The study, published in the journal Geophysical Research Letters, showed that since 1980, an additional six warming events are occurring each winter in the North Pole region.
The average length of each event has grown from fewer than two days to nearly two and a half days, the findings showed.
In the most recent years of the study, each warming event was associated with a major storm entering the region. During these storms, strong winds from the south blow warm, moist air from the Atlantic into the Arctic.
"The warming events and storms are in effect one and the same," said Robert Graham, a climate scientist at the Norwegian Polar Institute in Tromso, Norway, and lead author of the new study.
"The more storms we have, the more warming events, the more days with temperatures less than minus 10 degrees Celsius rather than below minus 30 degrees Celsius, and the warmer the mean winter temperature is," Graham said.
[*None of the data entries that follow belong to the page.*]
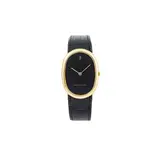Senza titolo by Audemars Piguet Ellipse In Yellow Gold - From 1975, offered Jul 2024
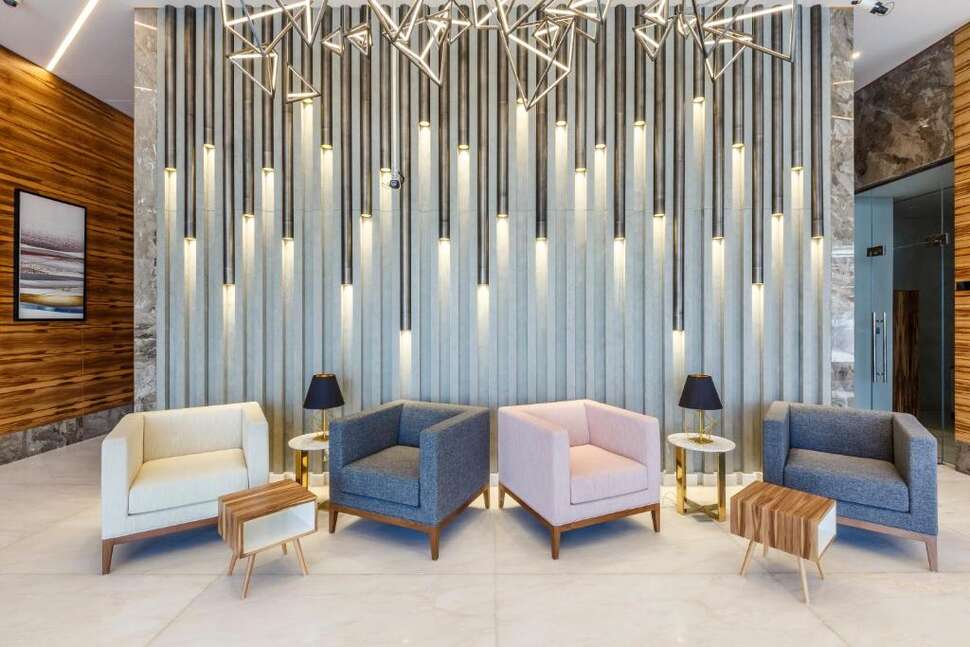 Een foto van S19 Hotel Al Jaddaf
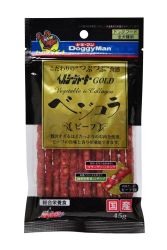 Doggyman Healthy Jerky Gold Beef 45g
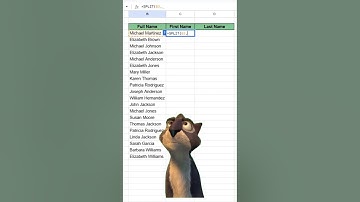 Excel Formulas hack | Microsoft excel for beginners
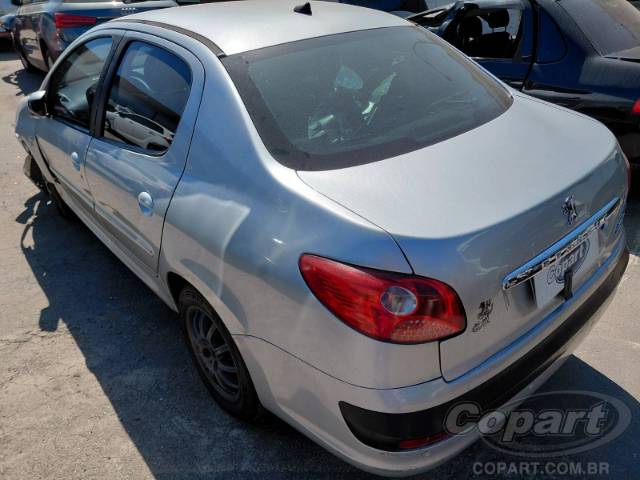 2010 PEUGEOT 207 PASSION 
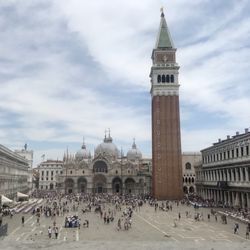 Caffetteria Museo Correr - The view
Because autumn and winter is when Arctic sea ice grows and thickens, warmer winter air temperatures will further impede ice growth and expansion, accelerating the effects of global warming in the Arctic.
The international team of researchers that includes NASA scientists arrived at the results by gathering and analysing data from field campaigns, drifting weather stations and buoys across the Arctic Ocean from 1893 to 2017, as well as the ERA-Interim record, a global atmospheric reanalysis provided by the European Centre for Medium-Range Weather Forecasts in Reading, UK, from 1979 to 2016.
The findings build on other recent evidence of Arctic winter warming.
The winter of 2015-2016, for example, saw temperatures nearly 2 degrees Celsius warmer than the previous record high monthly winter temperature.
At the end of December 2015, scientists recorded a temperature of 2.2 degrees Celsius in the Central Arctic, the warmest temperature ever recorded in this region from December through March.
"This new study provides the long-term context we were missing, using direct observations going back the end of the 19th century. It shows that these warm events have occurred in the past, but they were not as long-lasting or frequent as we're seeing now," said Alek Petty and Linette Boisvert of NASA's Goddard Space Flight Center in Greenbelt, Maryland.